In the September issue, the hand-carved divan is beautiful, but definitely does not belong in my house. That's good, actually, because it costs $7,000. Ditto the bright coral "cheeky" Louis XV desk for $5,160 and the "couch as confection" ($12,500).
I felt even more removed from the gardening section. I've been gardening for decades. Surely I can connect to their gardening pages. Not really.
I own some necessary gardening equipment, but not a lot of it. What's the point? You need to be able to dig and you need to be able to move stuff around. Some people spray. Other than that, gardening is basically you and the seeds, followed by you and the plants. Ah, but not according to Domino.
The September issue features a number of tools, beginning with an iron harvesting basket ($87). Iron?? Gardening doesn't require enough exertion without lugging around an iron basket? Once you've recovered from dragging your heads of broccoli to the porch in their iron container, you can pickup a bunch of lightweight wood cloches from France and cover your salad greens so they won't mature too quickly. (Can you do the same with your teenagers?) But don't pick up too many — each one costs $80.

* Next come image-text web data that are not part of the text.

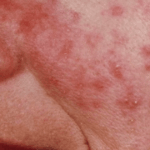 Perburukan Rosacea Hormon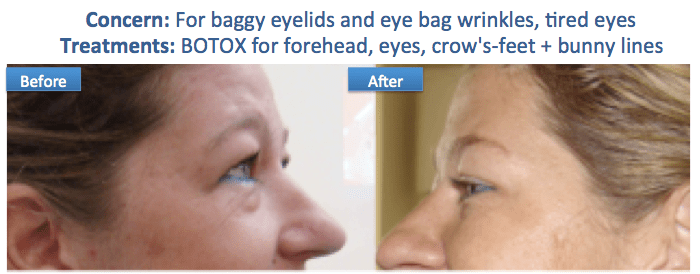 Botox baggy eye bags anti wrinkle tried smooth skin radiant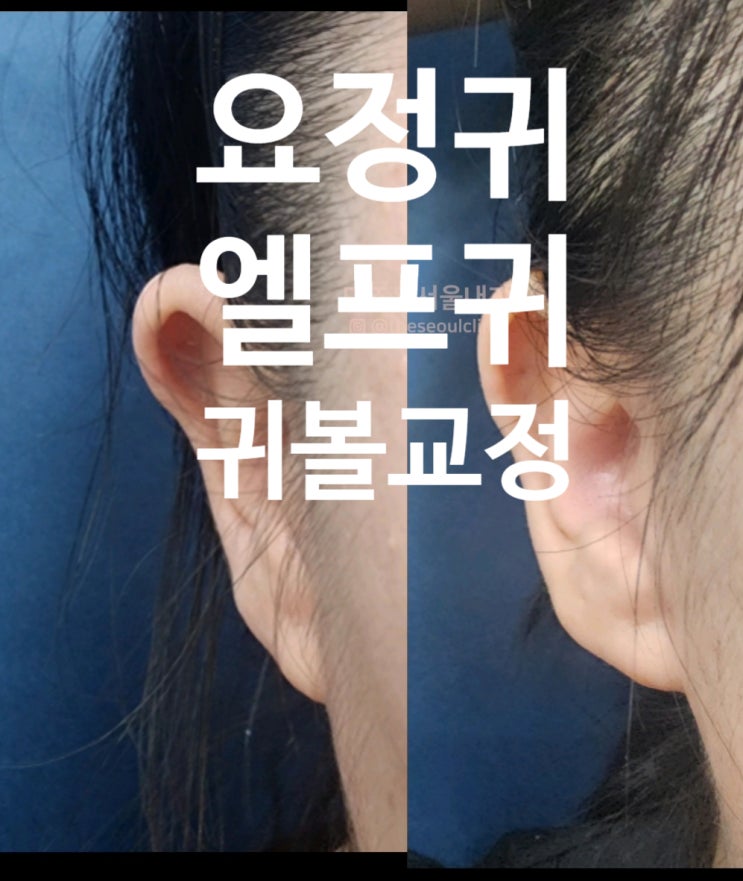  안산피부과 요정 엘프귀필러 통증 가격 효과 (아르네의원 원장 직접작성)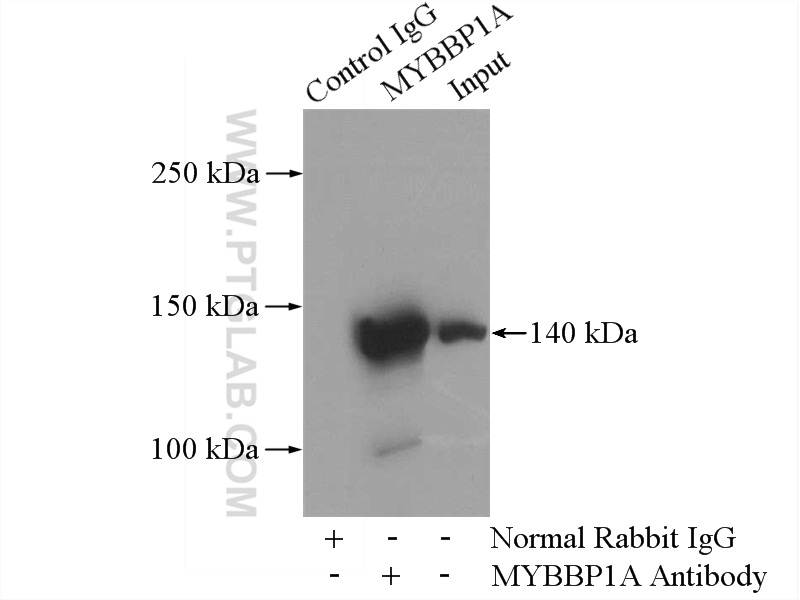 IP experiment of HEK-293 using 14524-1-AP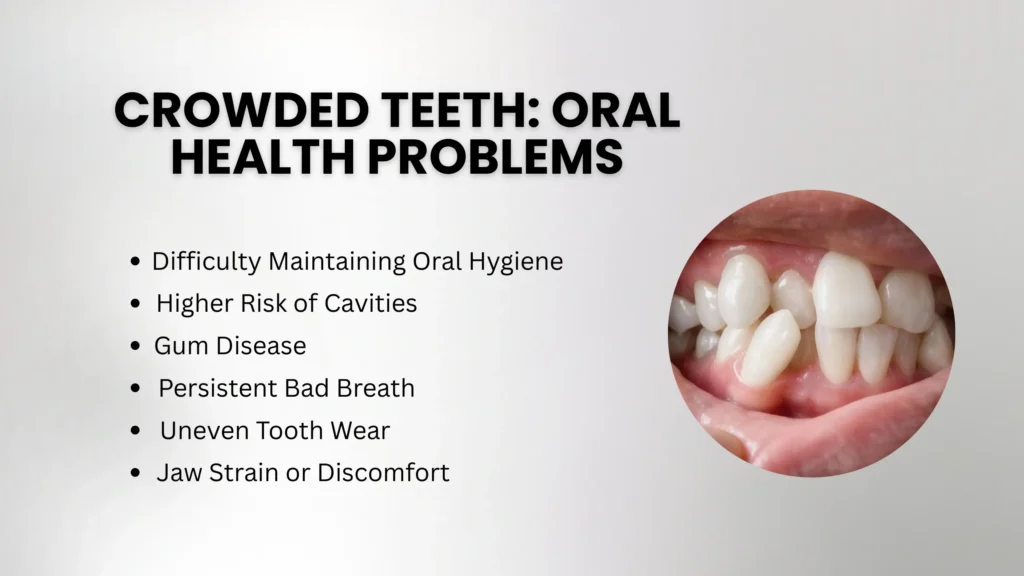 Crowded Teeth: Causes, Oral Health Problems & Treatment Methods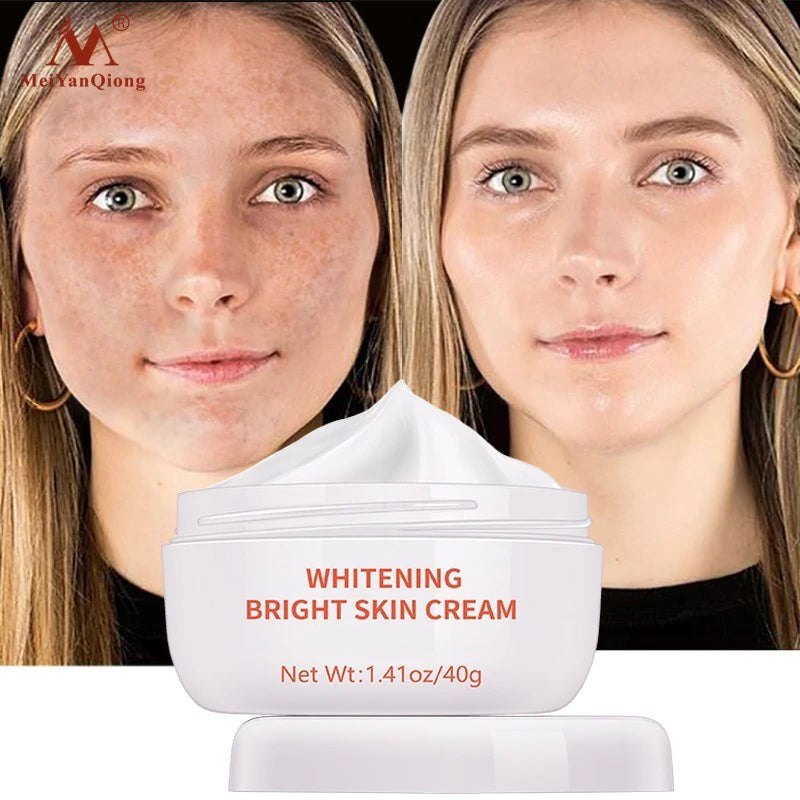 Moisturiser Face Whitening Freckle Cream Remove Acne Spots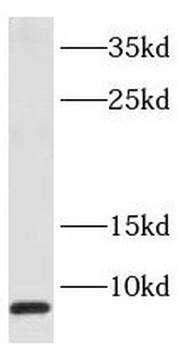 SEC61G Rabbit Polyclonal Antibody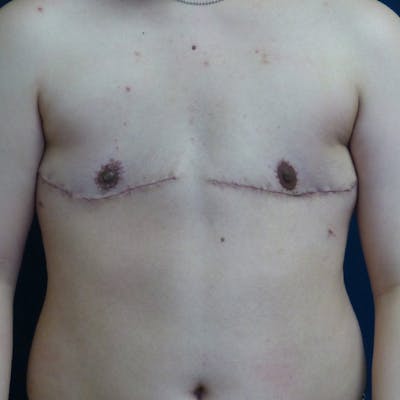 Masculinizing Surgery Before & After Gallery - Patient 829505 - Image 2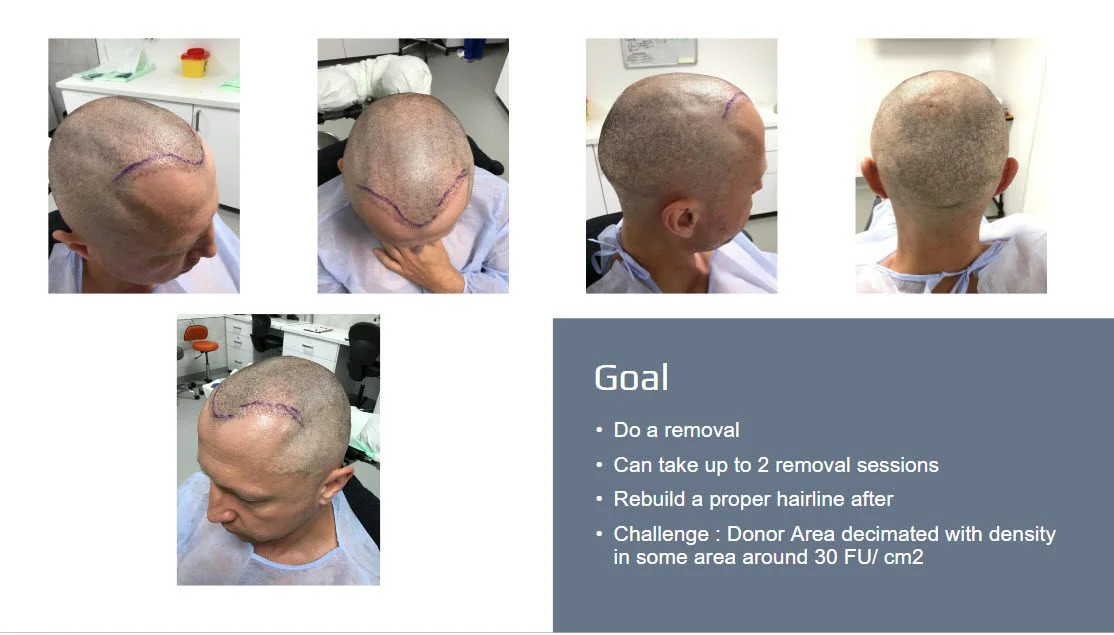 Haartransplantationsreparatur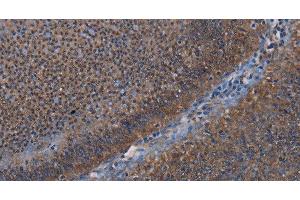 Immunohistochemistry of paraffin-embedded Human rectal cancer using P3H3 Polyclonal Antibody at dilution of 1:50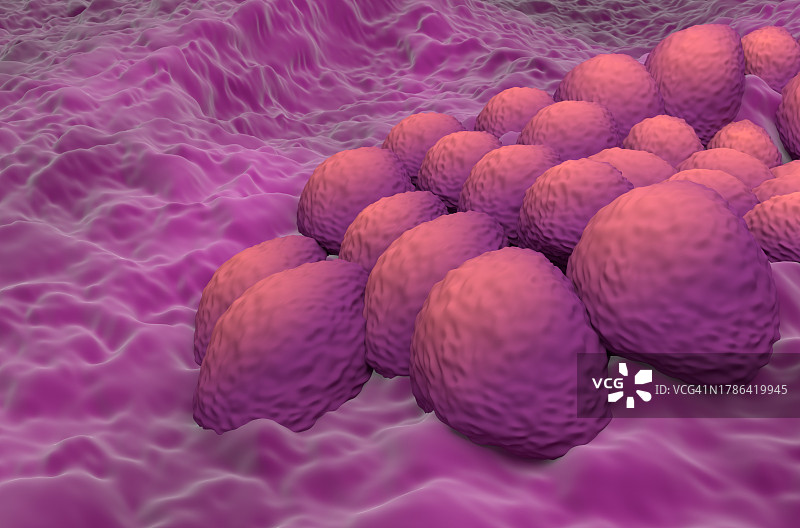 子宫内膜癌插图图片素材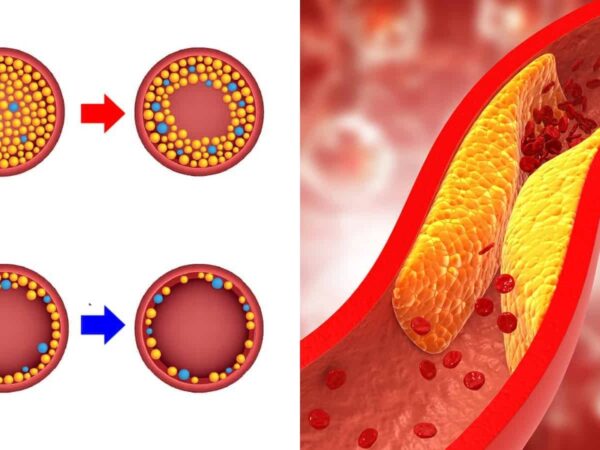 Suplemen Bantu Turunkan Kolesterol Tinggi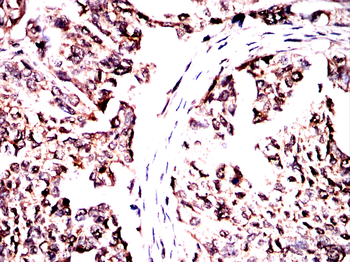 VTI1B Antibody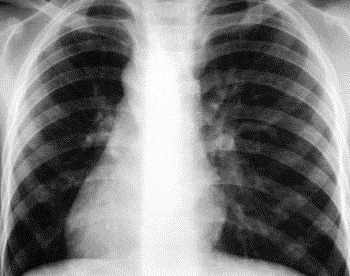 диссеминированный туберкулез легких у детей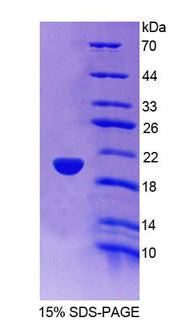 Figure 1. SDS-PAGE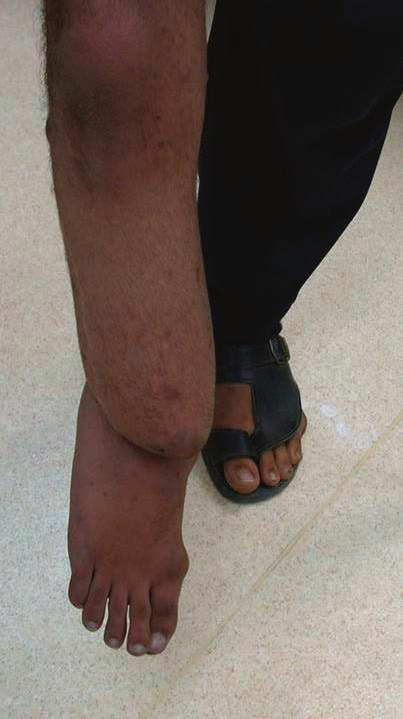 Examination revealed clear stigmata of neurofibromatosis, with severe angulations of the tibia apex anterior 90 and medial 70 with leg length discrepancy (LLD) of 17 cm (Fig. 1A, B, C).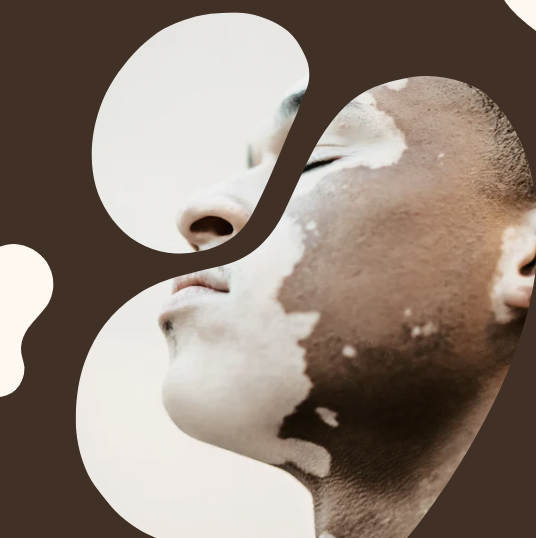 The Skin Microbiome and Vitiligo: What’s the Connection?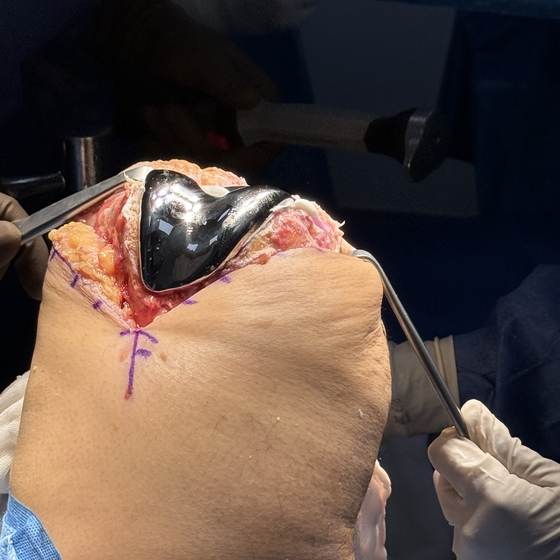 Caso real de artroplastia de rodilla 24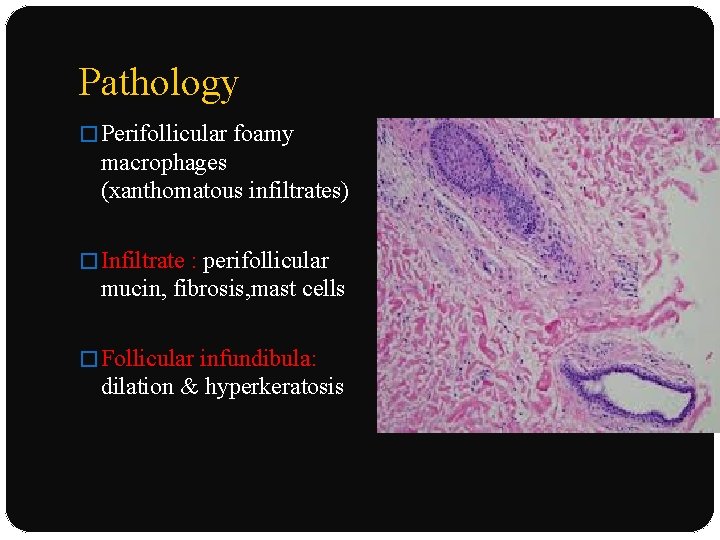 Pathology � Perifollicular foamy macrophages (xanthomatous infiltrates) � Infiltrate : perifollicular mucin, fibrosis, mast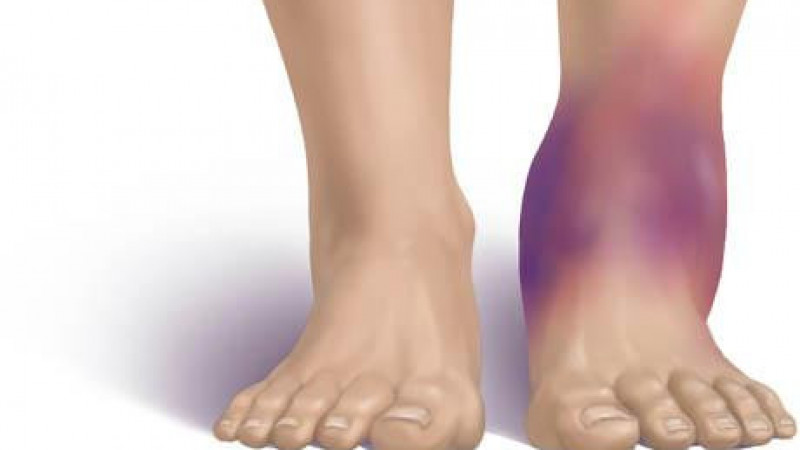 Как лечить ушиб голеностопного сустава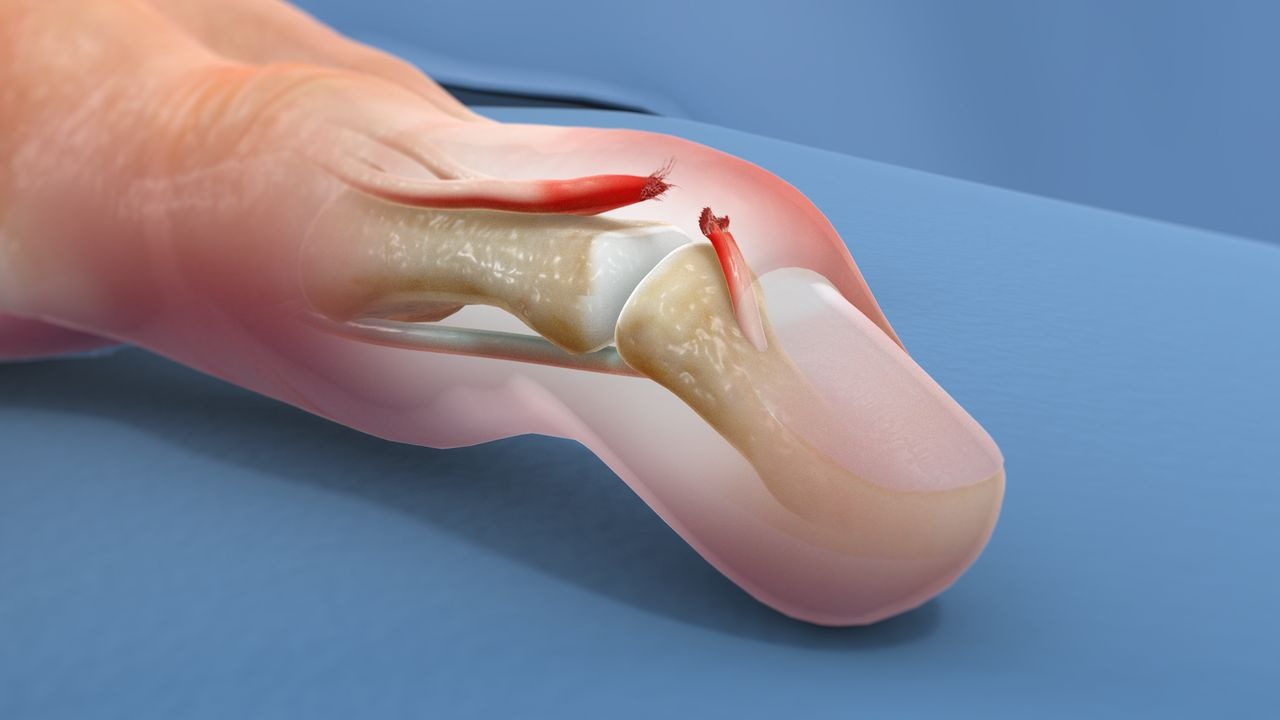 Растяжения и разрывы связок пальцев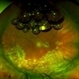 Pseudophakic RRD, S/P Buckle/Vit. w/ Residual Gas Fish Eggs OD Pseudophakic RRD, S/P Buckle/Vit. w/ Residual Gas Fish Eggs OD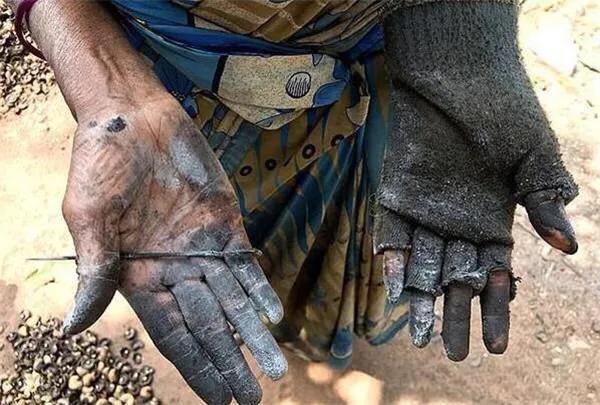 腰果科普知识,腰果哪部分有毒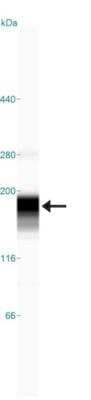 Simple Western: ATAD2 Antibody (CL0182) [NBP2-14786] - Simple Western lane view shows a specific band for  ATAD2 in 0.2 mg/ml of U-251MG sp lysate.  This experiment was performed under reducing conditions using the 66-440 kDa separation system.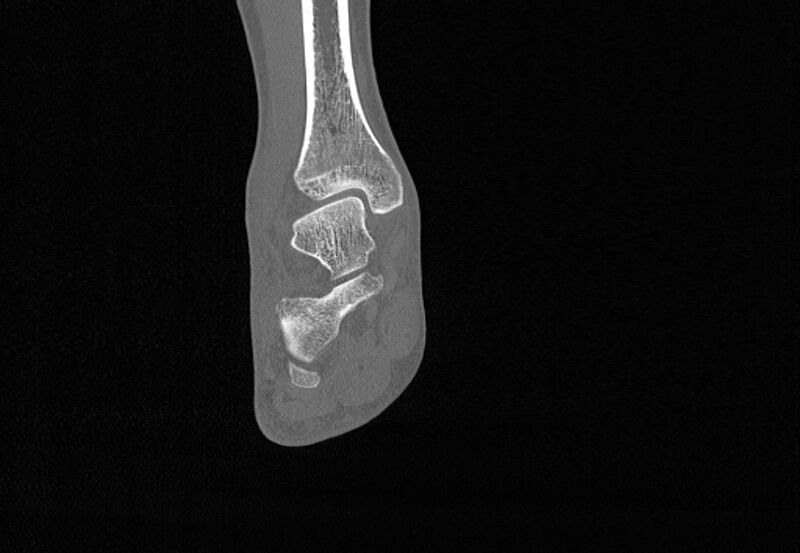 File:Avulsion fractures of talus and calcaneus (Radiopaedia 48277-53155 Coronal bone window 54).jpg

The dollar store has some foam kneeling pads for a buck or two, but you'll feel ever so much more elegant on your leather kneeler ($85). For $310 you can be the proud owner of a rhubarb forcer. I'm not sure I'd want to force rhubarb, though. Did you know the leaves are poisonous? They are. That makes them dangerous. Trying to force rhubarb might be somewhat like trying to force the Sopranos to do something. Would you try to strong-arm the Sopranos? I didn't think so.
And finally, you might want a terra cotta jar in your garden. That is, if you don't mind spending $1,100 for something that's going to get muddy, knocked over by deer, peed on by the dog, and broken if you forget and leave it out during a freeze. Then again, you might not want it. I know I don't.